Eu sabia que estava mexendo no vespeiro. Tentei manter minha mascara, mas quando me dei conta de fui pega, quase perdi o ar.
O silêncio dele, naquele momento, era mais alto e mais ameaçador que qualquer grito. Ele me havia encurralado, não com a força bruta que eu sabia que ele possuía, mas com o peso de sua presença e o poder de sua desconfiança.
A máscara dele estava rachada. Mas a minha também estava. Vi a fúria e a raiva em seus olhos, mas eu sabia que a mentira não funcionaria mais; minha única opção era a verdade.
Eu respirei fundo, sentindo o gosto amargo do desespero. Sim, por dentro, eu estava desesperada. Sabi ao que ele podia fazer comigo.
— Eu fui procurar o homem que viu o incêndio que matou minha família — revelei, minha voz baixa e quebradiça, mas firme.
— Como?
— Eu sei que você não se importa. Para você, foi apenas um cálculo frio. Você o fez como um aviso, uma demonstração de poder. Eramos só um dano colateral.
Seu rosto ficou pálido. Os músculos de sua mandíbula se contraíram com tamanha força que eu podia ver seus ossos saltando.
Ele tentou, pela última vez, negar o que era inegável.
— Não sei do que você está falando — ele respondeu, a voz perigosamente fria, voltando ao seu modo de CEO implacável. — Você está histérica. Não me misture em suas tragédias passadas.
— Não se atreva a chamar de histérica!
O cortei, a raiva me dando a força necessária. As palavras vieram como um jato de lava.
— Meus pais, eles foram vítimas de uma guerra de máfia entre a Família Valente e outra gangue — já estamos aqui, então vamos jogar algumas cartas na mesa. — Aquele incêndio não foi um acidente. Foi um aviso da sua família, do seu império. O seu aviso.
Eu vi, mesmo pensando que podia estar maluca. Eu podia ver, ainda que de forma breve o choque. A surpresa. Era a primeira vez que ele não conseguia disfarçar uma emoção.
Estava lá, em seus olhos, Eu vi.
E o terror me atingiu. Ele estava chocado não pela tragédia, mas pela revelação de que eu era a vítima. Ele não se lembrava de mim. Eu era apenas um número, um erro estatístico em uma equação que custou vidas.
— Como posso ser leal ao homem que me tirou tudo — as palavras cortavam a mim, mas cortavam a ele também.
— Eu não... — sua voz baixa mostrava que ele havia recuado. Era estranho. Eu o via e me doía o que estava ali.
Senti vontade de chorar. Até aqui, eu já tinha passado coisas demais. Enfrentado de tudo. Sozinha. Porque ele me tirou tudo.
Mas o pior é que havia sentimentos que me sufocavam e por mais que eu não quisesse deixa-los sair. Eles ainda estavam aqui, como quem espera o melhor momento para se assumir. Mas eu não podia. Não podia deixar que ele entrasse ainda mais em mim.
— Aurora... — escutar ele dizendo meu nome tinha um gosto amargo.
— Eu não sou sua prisioneira, nem sua parceira, nem seu bem. Eu sou apenas o que sobrou. E não preciso de você para me proteger do mundo que você mesmo criou.
— O que quer dizer.
— Que eu to caindo fora. Não preciso de você.

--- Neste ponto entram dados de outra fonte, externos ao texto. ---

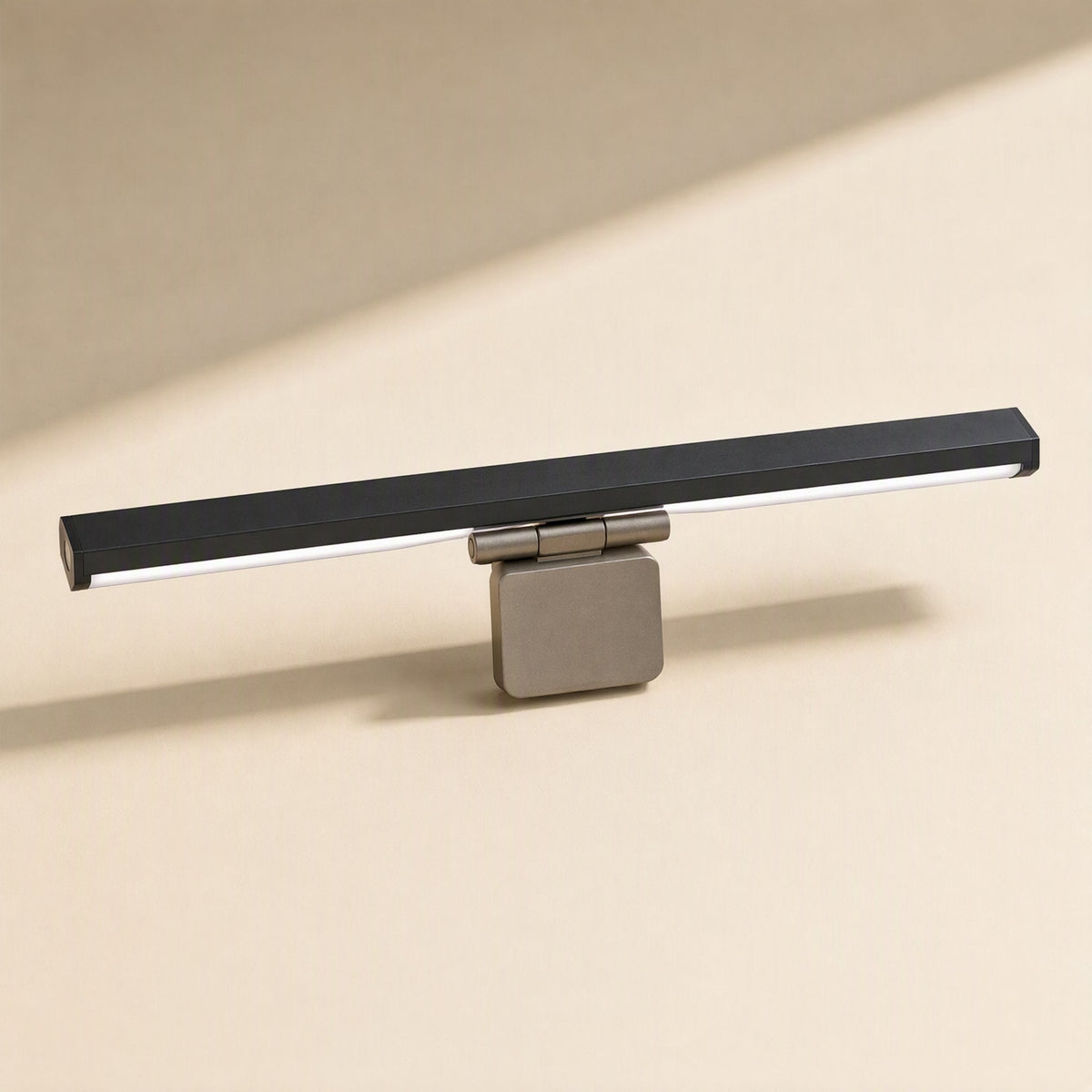 Metalgleam – Light bar from the front with a silver-toned clip and hinge, strip glowing white underneath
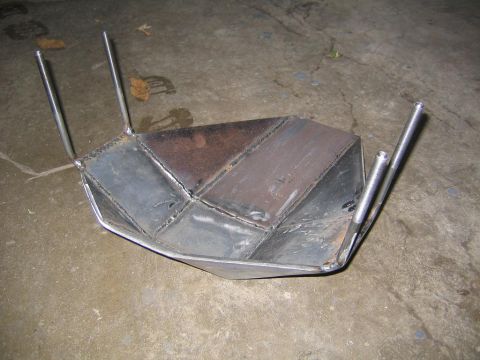 1978 Ford Bronco - A fabricated skid plate made of welded metal pieces sits on a concrete floor.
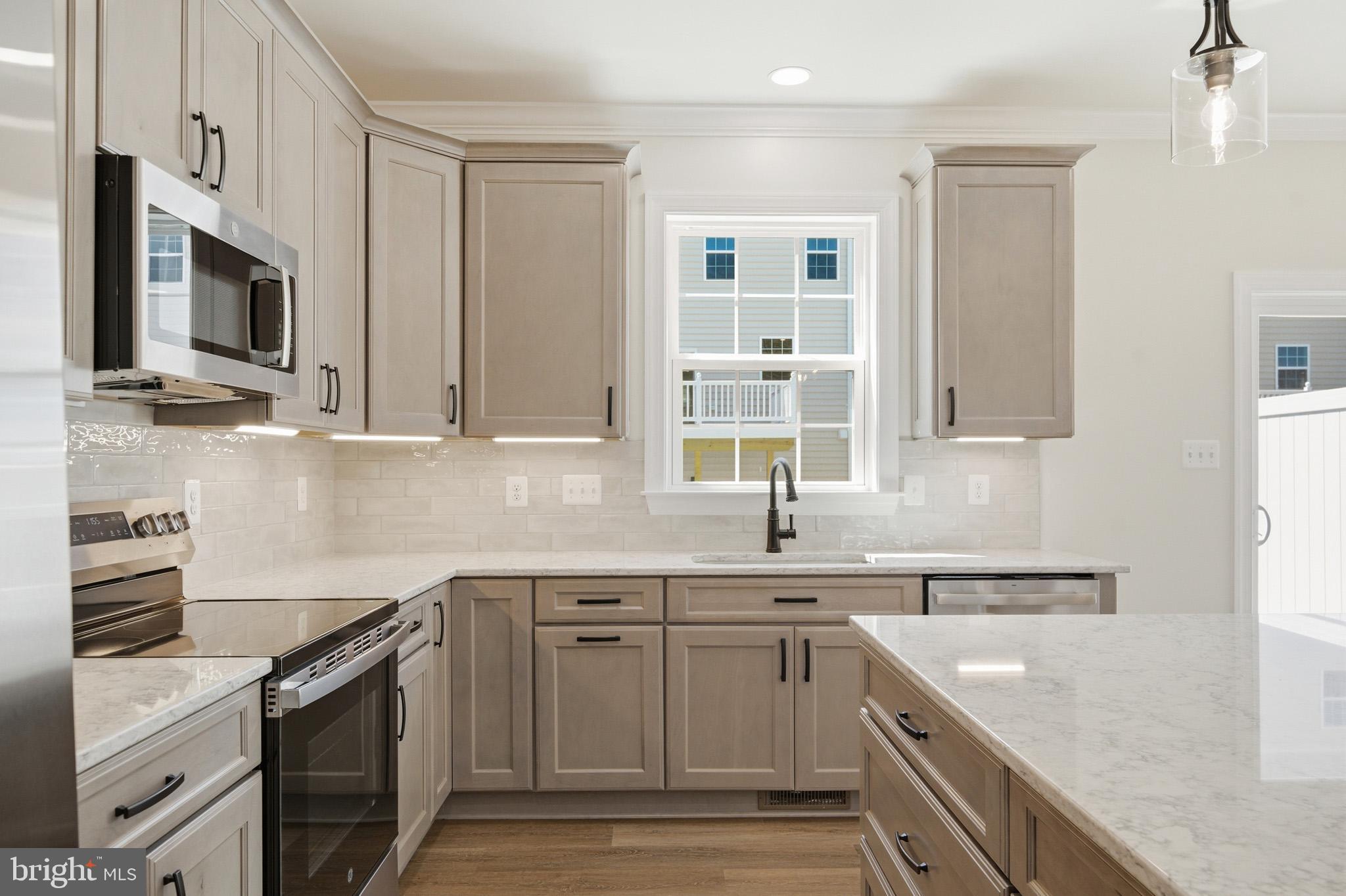 106 Potomac Court Prince Frederick, MD 20678 - Photo 10 of 47 a kitchen with stainless steel appliances granite countertop a sink stove oven and white cabinets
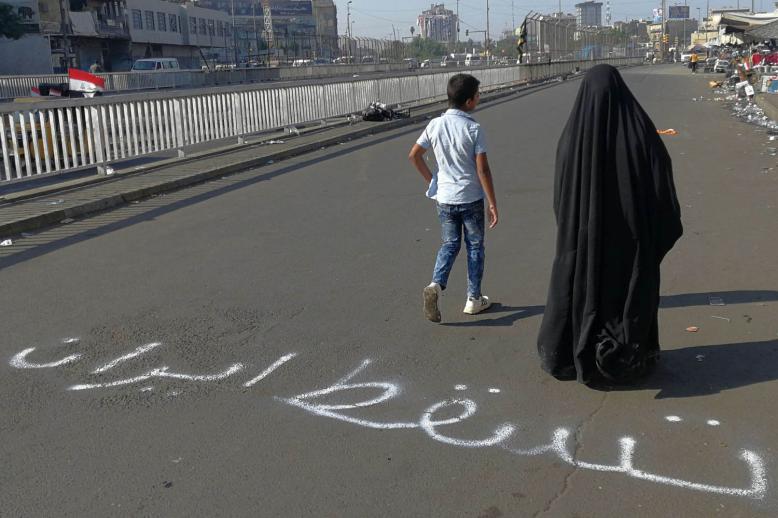 أم عراقية وابنها يمران في منطقة الاعتصامات في بغداد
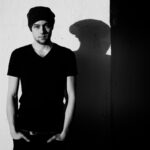 A black and white photo of a man standing against a wall, casting a shadow. He is wearing a dark T-shirt, beanie, and jeans, with his hands in his pockets. The lighting creates strong contrast, emphasizing the shadow on the wall.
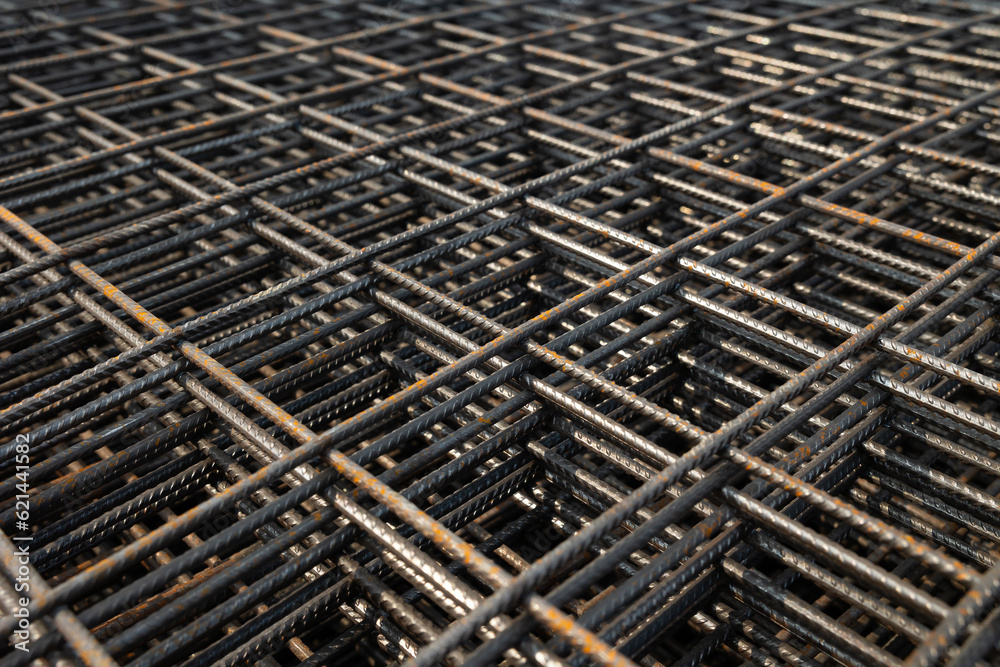Steel Rebars for reinforced concrete. steel wire mesh for concrete slab reinforcement of construction. Background and banner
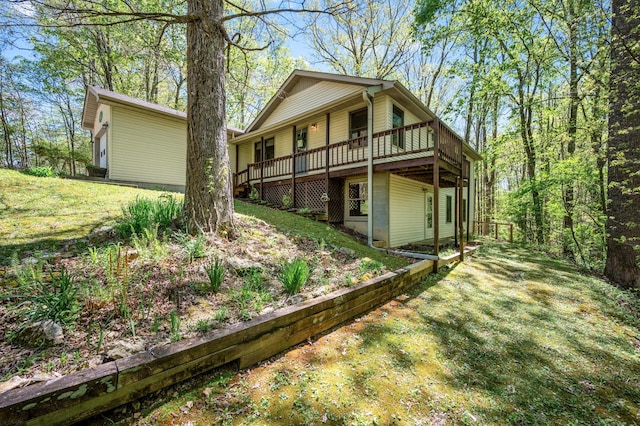 rear view of property featuring a wooden deck and a yard
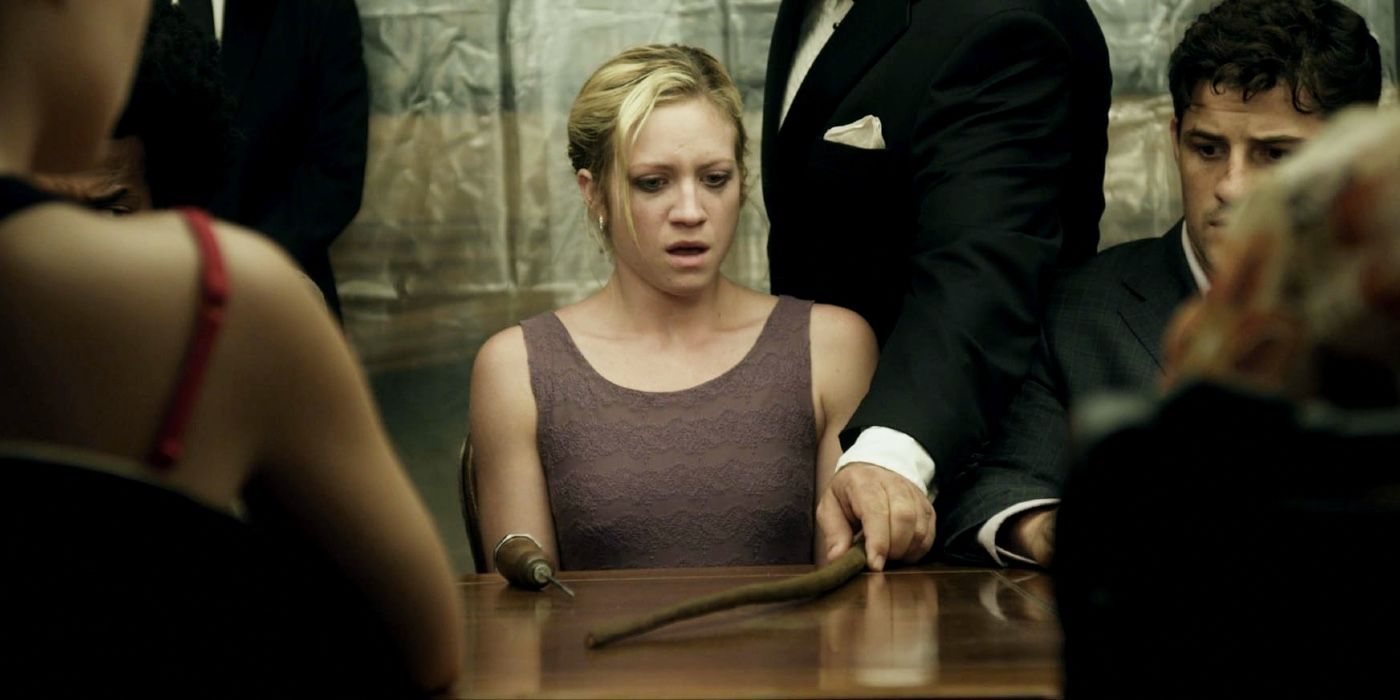 Brittany Snow appearing shocked at a table with others around her and tools in front of her In Would You Rather Movie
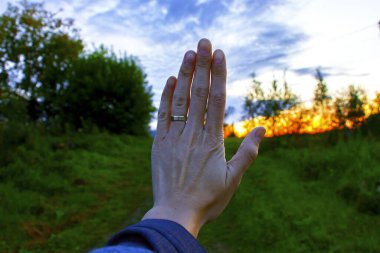 Yüzükle elini kapat. Orman ve günbatımı arka planda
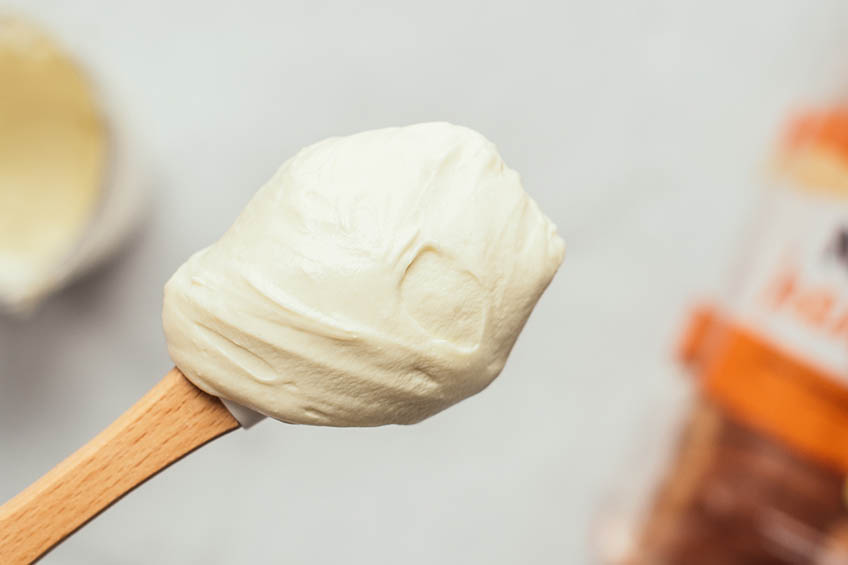 Smooth whipped ricotta on a spoon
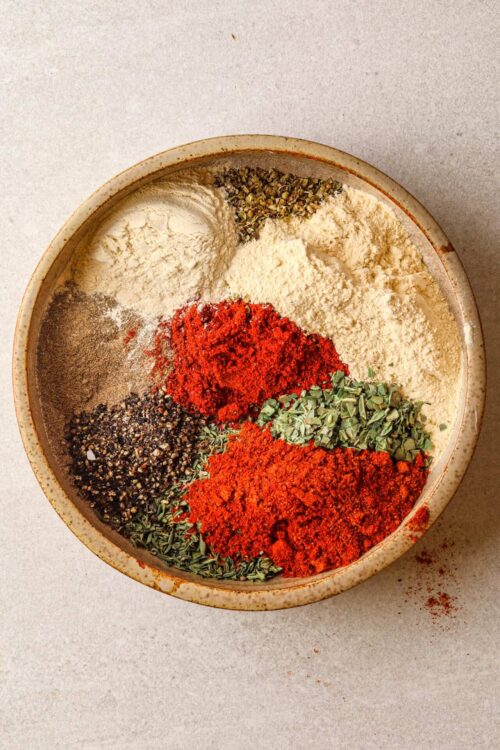 Mixed dried herbs and spices in a bowl for baking or cooking.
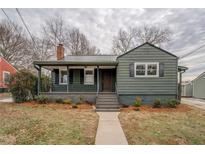 Charming single-Gathering home featuring a covered porch, dark green siding, and a well-maintained landscaped front yard at 4131 Carroll Sw St, Covington, GA 30014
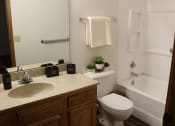 Thumbnail 21 of 35 - a bathroom with a toilet sink and bathtub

— Acha que pode sobreviver sem mim?
— Sempre sobrevivi. Você não me deu nada, Lorenzo. Só me tirou. Você, me, tirou, tudo.
O olhei firme nos olhos. Ele sabia o que iria fazer a seguir.
Com o coração em frangalhos e a alma vazia, eu virei as costas para o homem que havia me salvado e me destruído. Eu não olhei para trás. Eu caminhei para longe dele e de seu mundo de seda e sangue.
Eu sentia raiva. Raiva por ter achado que a vida ficaria melhor depois que cheguei. Eu sabia que nada seria fácil, tudo tem seu preço.
Mas estava disposta a seguir em frente, antes de saber que o meu nada, é por cauda do tudo dele.
Ainda que eu soubesse que a porta que eu estava fechando me levaria diretamente de volta para a escuridão, ainda sim, não podia fazer outra coisa a não ser fecha-la.